Estorsione e disperazione, la drammatica vicenda di un imprenditore coraggioso

Antonio M., è questo il nome dell’imprenditore agricolo che ci ha scritto per dare sfogo alla sua disperazione.

Antonio M., è questo il nome (non ha voluto che rendessimo noto il cognome) dell’imprenditore agricolo che ci ha scritto per dare sfogo alla sua disperazione. Ben due volte è stato dato fuoco alla sua attività, ma nonostante il coraggio mostrato nel denunciare i fatti, la giustizia non gli ha reso onore ed oggi è uno dei tanti uomini coraggiosi e sfortunati che piangono la loro disperazione.

Da anni ci dicono di denunciare i nostri estortori ma vi do un consiglio non denunciate perche siamo soli contro la mafia, dopo 2 incendi dell’attivita ho smesso di lavorare perche lo Stato mi ha abbandonato e dopo 10 anni, ancora oggi,  non ho avuto giustizia. Ero un imprenditore agricolo che nel 2001 ho denunciato facendo nomi e cognomi e collaborando con i carabinieri che mi hanno aiutato moltissimo. La mia vita è stata un incubo e per alcuni anni non sono sono potuto uscire di di casa, mi sono dovuto nascondere da queste persone.

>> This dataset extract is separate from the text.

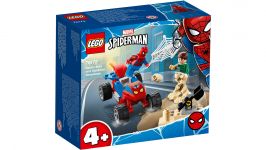 LEGO 76172 - Verpackung Ansicht 1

“Il pubblico ministero non ha ritenuto opportuno effettuare intercettazioni ambientali ed ha chiesto l’archiviazione del mio caso, ma dopo aver fatto ricorso il Gip ha accolto il ricorso. Fino ad oggi abbiamo fatto solo una udienza, nel 2006. Nel frattempo mio padre è morto per un tumore e nelo stesso anno ho avuto una notifica dall’ agenzia delle entrate di dover pagare tasse per un bar che io non ho mai avuto”.

“Nel 2007 hanno incendiato la mia attività per la seconda volta e i vigili del fuoco hanno detto che le cause non erano ben definite sospettando un’autoconbustione. Nel 2009 le mie sofferenze sembravano essere state premiate e la Regione Sicilia mi è venuta incontro con un contributo per essere stato vittima di estorsione, esattamente 205 mila euro, ma la Serit mi ha pignorato 143,000 euro per non aver pagato le tasse del bar. Ho fatto il ricorso e l’ho perso e adesso sono senza soldi e disoccupato“.

Non possiamo condividere la scelta di Antonio di chiedere ad altri di non denunciare, ma capiamo la sua sofferenza nella speranza che lo Stato sia sempre più vicino a questi uomini coraggiosi.